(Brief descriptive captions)

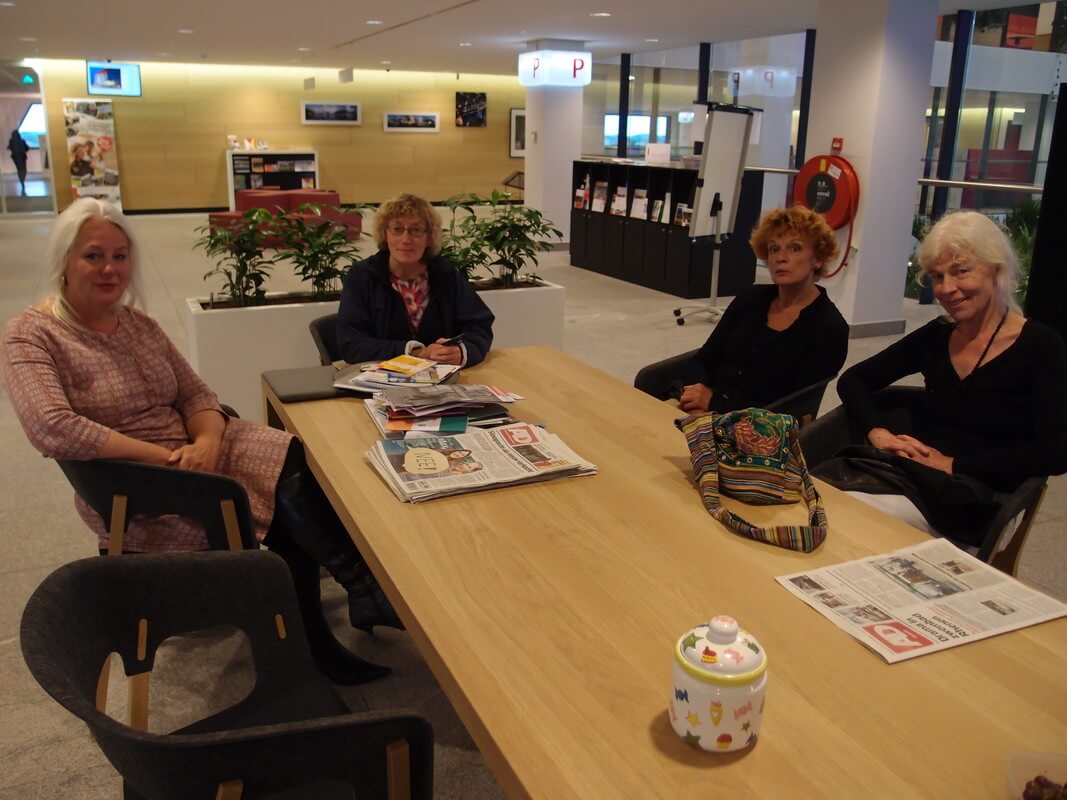 Bewoners van de Molenstraat, met links Elaine Vis, wachten op het Stadskantoor op hun beurt voor het wijkspreekuur van wethouder Kees Geldof. Foto: L. Engelman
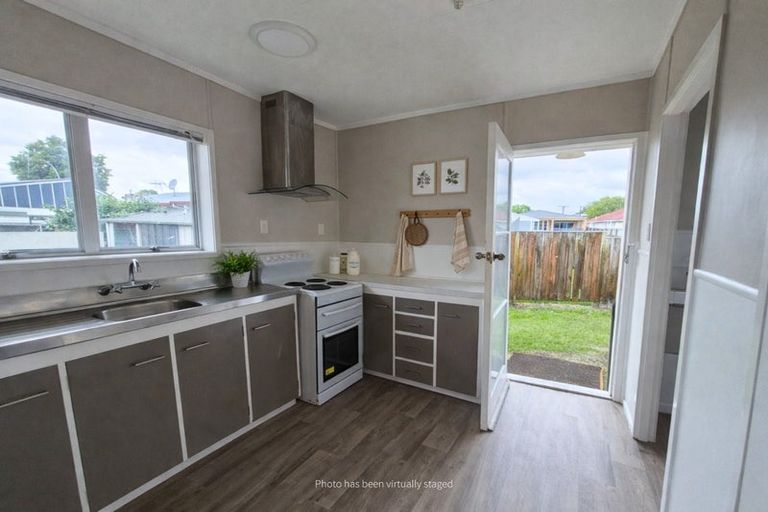 Photo of property in 4 Heather Place, Melville, Hamilton, 3206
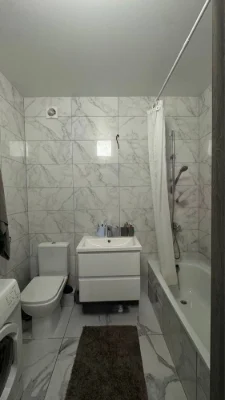 Продам 1-квартиру 35 кв.м. з ремонтом, новий будинок, 3-й по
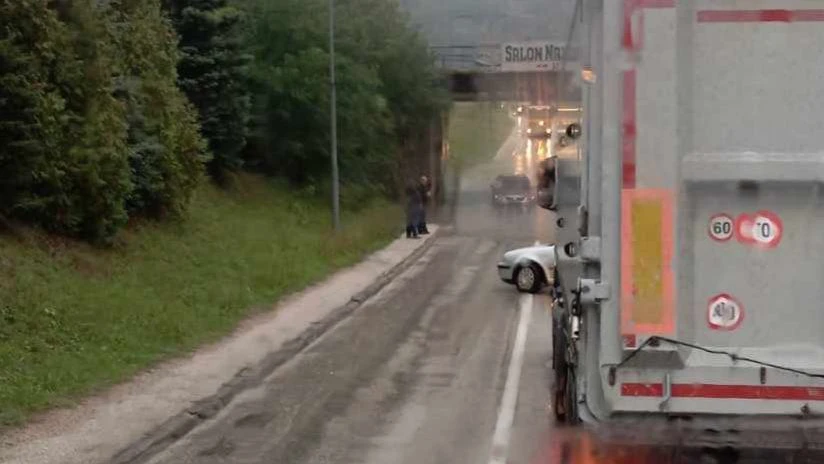 Nevrijeme napravilo probleme u Žepču: Automobil stao ispod poplavljenog podvožnjaka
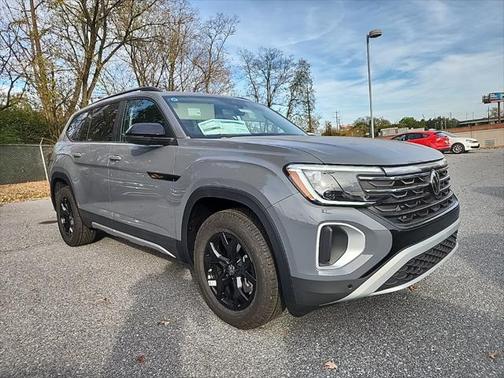 2025 Volkswagen Atlas 2.0T SE w/Technology 4MOTION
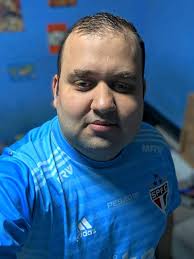 O Tottenham anunciou hoje sua nova identidade visual, e o escudo perdeu o  escrito 'Tottenham Hotspur' curvado abaixo do galo. Aprovada a mudança, fã  de esporte? #PremierLeagueNaESPN #FutebolNaESPN #Tottenham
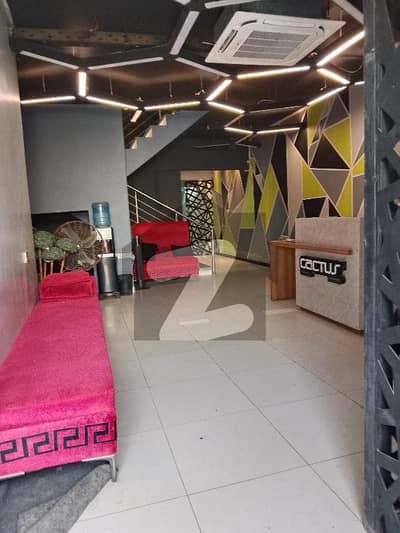 shahraefaisal ideal location independent Bungalow available for rent ideal for software house call center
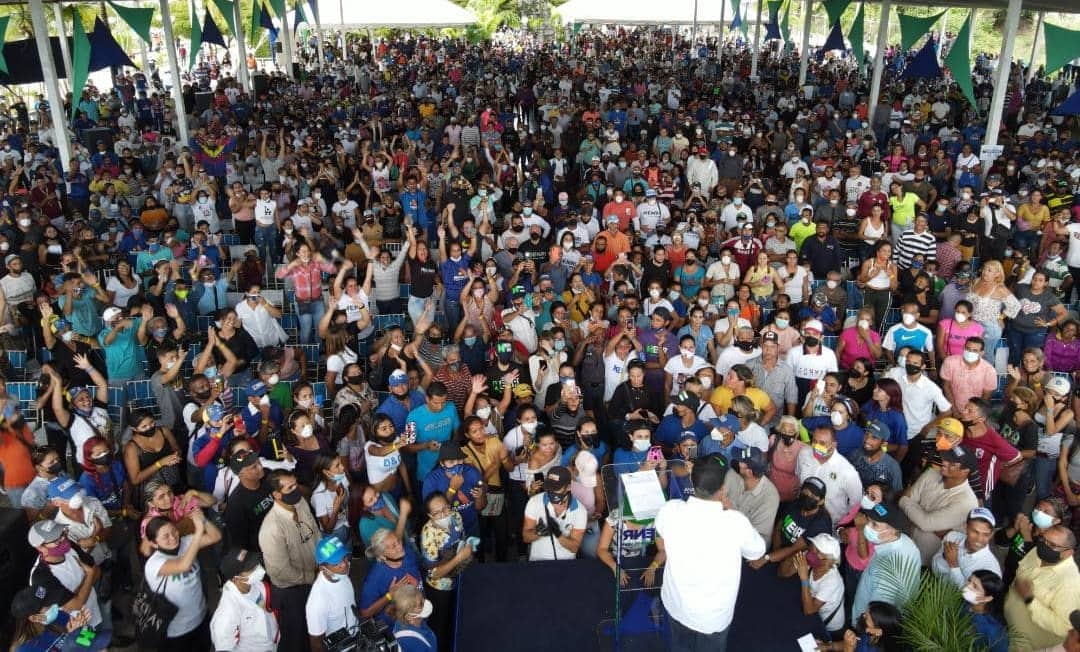HenriFalconLara's tweet photo. ¡Estamos ganando la gobernación! Y vamos a hacerlo con contundencia para que no quede duda del liderazgo de Lara. Hoy tuvimos el cierre de campaña con nuestro padrón electoral conformado por más de 5.000 personas!!! El domingo #21Nov vamos a celebrar que a Lara volverá el futuro! https://t.co/tHqttyWYU9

§ ACTIVITY: Please transcribe each line above exactly, but leave the images out.

§ SOLVED PROBLEM:
 Bewoners van de Molenstraat, met links Elaine Vis, wachten op het Stadskantoor op hun beurt voor het wijkspreekuur van wethouder Kees Geldof. Foto: L. Engelman
 Photo of property in 4 Heather Place, Melville, Hamilton, 3206
 Продам 1-квартиру 35 кв.м. з ремонтом, новий будинок, 3-й по
 Nevrijeme napravilo probleme u Žepču: Automobil stao ispod poplavljenog podvožnjaka
 2025 Volkswagen Atlas 2.0T SE w/Technology 4MOTION
 O Tottenham anunciou hoje sua nova identidade visual, e o escudo perdeu o  escrito 'Tottenham Hotspur' curvado abaixo do galo. Aprovada a mudança, fã  de esporte? #PremierLeagueNaESPN #FutebolNaESPN #Tottenham
 shahraefaisal ideal location independent Bungalow available for rent ideal for software house call center
HenriFalconLara's tweet photo. ¡Estamos ganando la gobernación! Y vamos a hacerlo con contundencia para que no quede duda del liderazgo de Lara. Hoy tuvimos el cierre de campaña con nuestro padrón electoral conformado por más de 5.000 personas!!! El domingo #21Nov vamos a celebrar que a Lara volverá el futuro! https://t.co/tHqttyWYU9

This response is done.